> [Brief descriptive captions]
== == ==

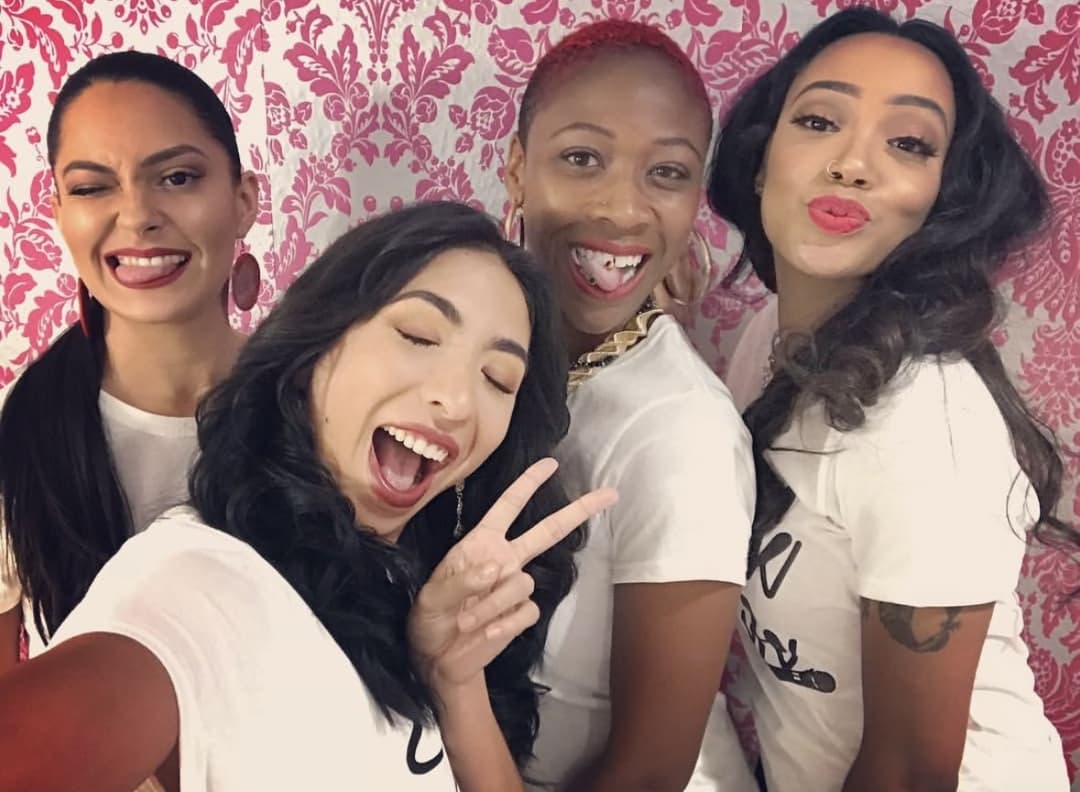 Thot Facial!!! Which Thot Is She? 1,2,3,4?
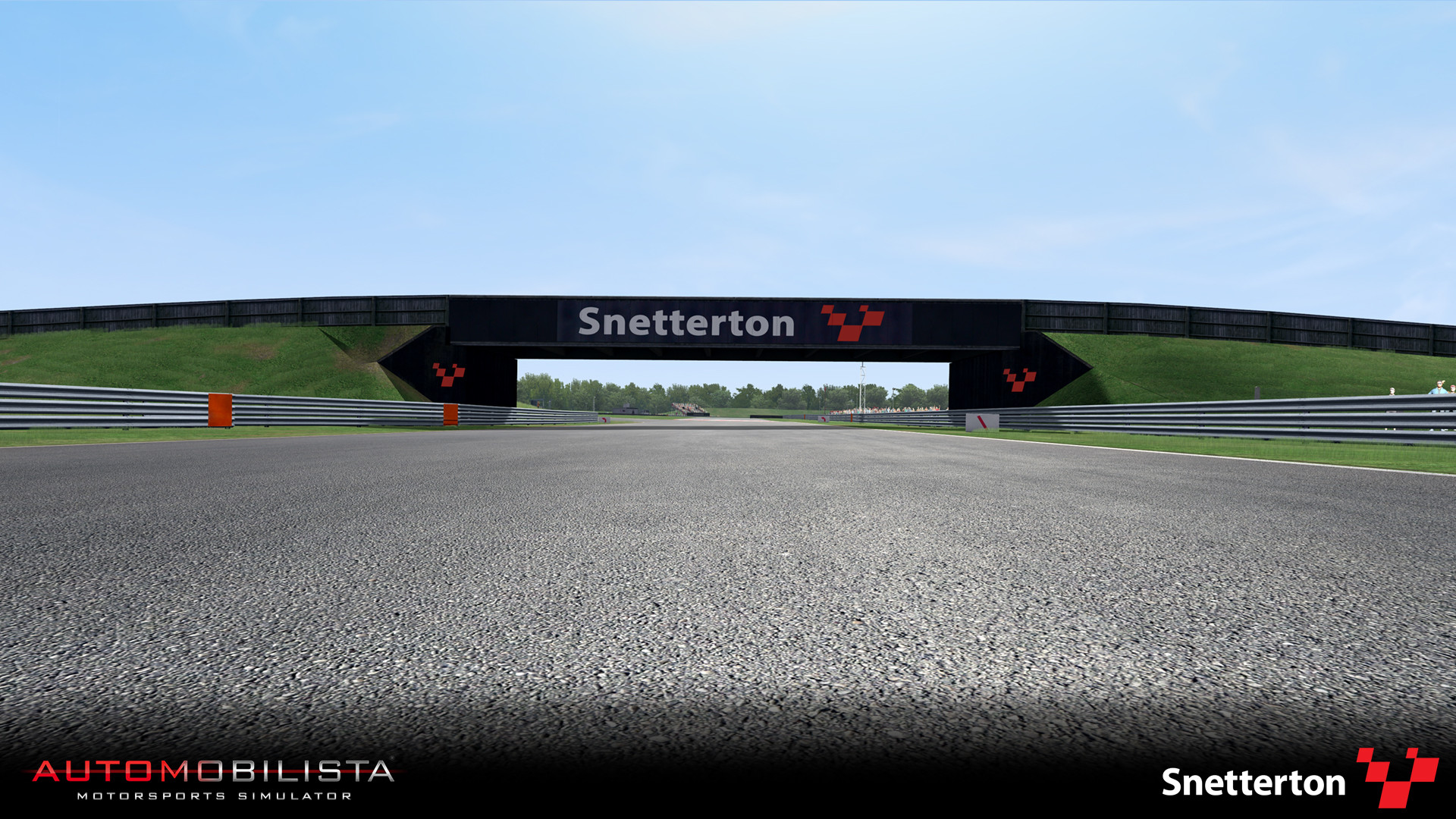 Automobilista - Snetterton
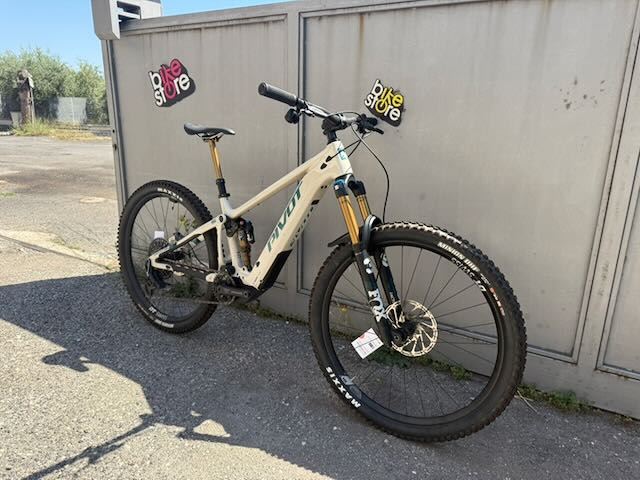 PIVOT SHUTTLE AM PRO X0 2024 TG M - immagine 2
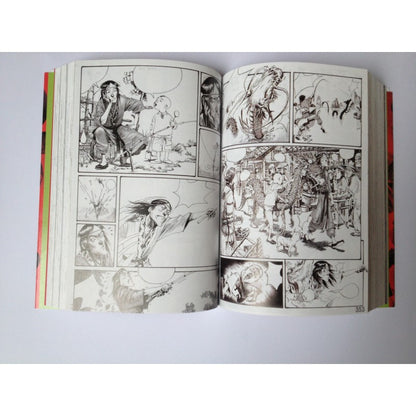 Kim Jung Gi 2007 Sketch Book- IN STOCK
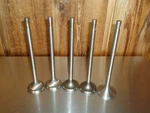 Lot Of (5) New Engine Valve Caterpillar 2.507 2.282 2.345. Price: $50.00.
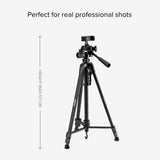 SBS universal tripod som kan forlænges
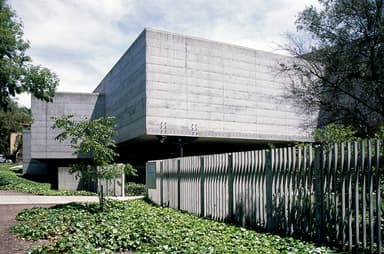 Berkeley Art Museum, University of California
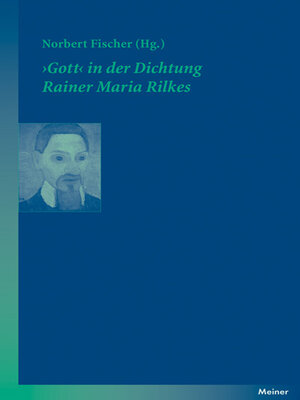 cover image of ›Gott  in der Dichtung Rainer Maria Rilkes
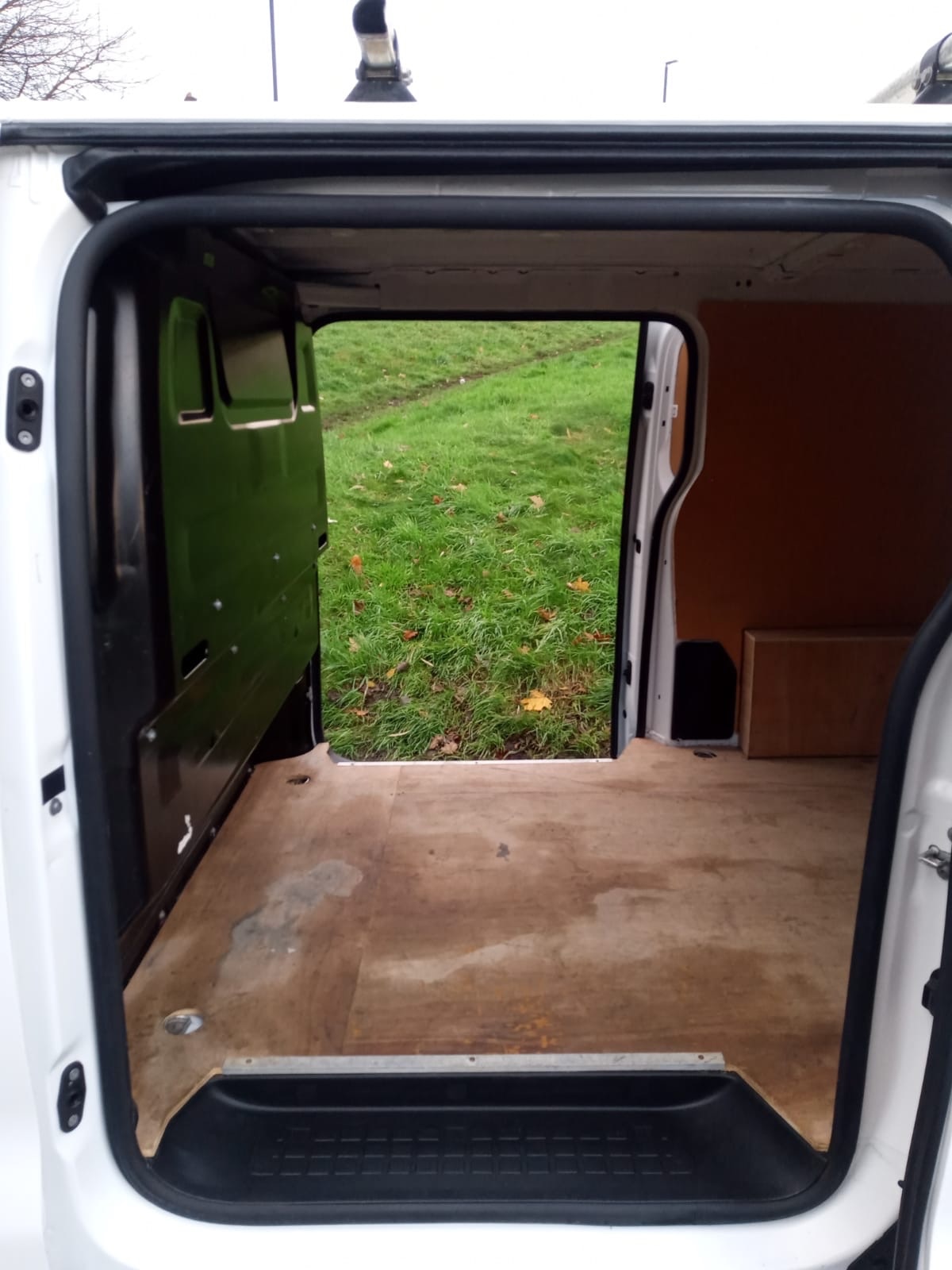 Used Vauxhall Vivaro 2021 for sale - 76891823: Photo 9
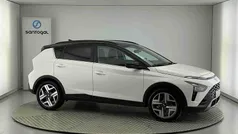 Branco Usado 2024 Hyundai Bayon Premium SUV | € 21.900 (Preço justo)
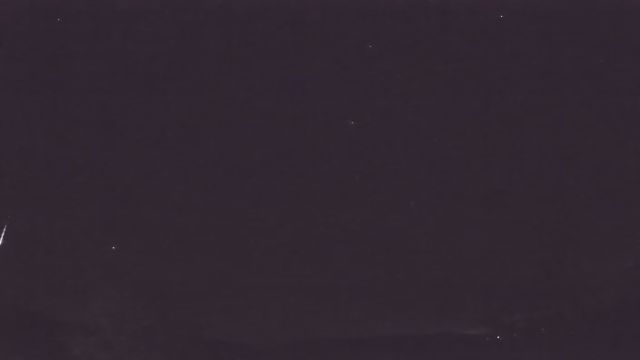 AMS35 meteor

== == ==

> [Problem description] Lines before the one containing "PIVOT SHUTTLE AM" are not wanted; write out that line and every later line through the end of the data above, exactly, without pictures.

> [Answer box]
 PIVOT SHUTTLE AM PRO X0 2024 TG M - immagine 2
 Kim Jung Gi 2007 Sketch Book- IN STOCK
 Lot Of (5) New Engine Valve Caterpillar 2.507 2.282 2.345. Price: $50.00.
 SBS universal tripod som kan forlænges
 Berkeley Art Museum, University of California
 cover image of ›Gott  in der Dichtung Rainer Maria Rilkes
 Used Vauxhall Vivaro 2021 for sale - 76891823: Photo 9
 Branco Usado 2024 Hyundai Bayon Premium SUV | € 21.900 (Preço justo)
 AMS35 meteor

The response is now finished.